En tout état de cause, le destin du monde et de l’humanité repose désormais largement sur les décisions des responsables chinois. Le fait qu’ils soient conscients des désastres écologiques présents et des menaces qui pèsent sur leur avenir (et le nôtre), qu’ils sachent que les coûts écologiques de leur croissance annulent ou dépassent ses bénéfices dans une comptabilité écologique (mais ceux qui touchent les dividendes ne sont pas ceux qui supportent les coûts…), tout cela, combiné à une tradition millénaire de sagesse fort éloignée de la rationalité et de la volonté de puissance occidentales, laisse espérer qu’ils n’iront pas au bout de l’impasse de la croissance que nous sommes près d’atteindre.
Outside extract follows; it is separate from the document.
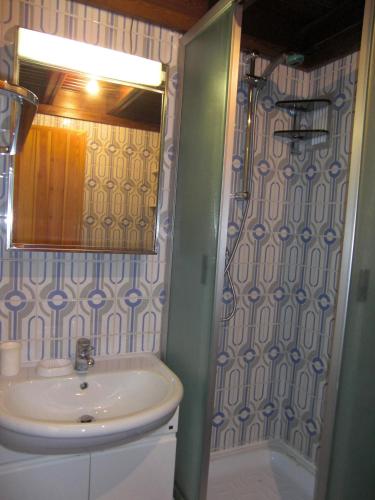 Bathroom, Bilocale Alberti - Silvana in Madonna di Campiglio Bathroom, Bilocale Alberti - Silvana in Madonna di Campiglio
D’après le rapport de l’économiste anglais Nicholas Stern ^2, la Chine a adopté un programme ambitieux visant à réduire de 20 % entre 2006 et 2010 l’énergie utilisée pour produire chaque unité de produit intérieur brut et à promouvoir les énergies renouvelables. Selon la même source, l’Inde se trouve dans une situation comparable et s’est préparée à lancer pour la même période une politique d’amélioration de l’efficacité énergétique. C’est en nous engageant dans la voie d’une société de décroissance et en faisant la démonstration que le « modèle » est enviable que nous pouvons le mieux convaincre les Chinois, comme les Indiens et les Brésiliens, de changer de direction, tout en leur en donnant les moyens, et de sauver l’humanité d’un destin funeste.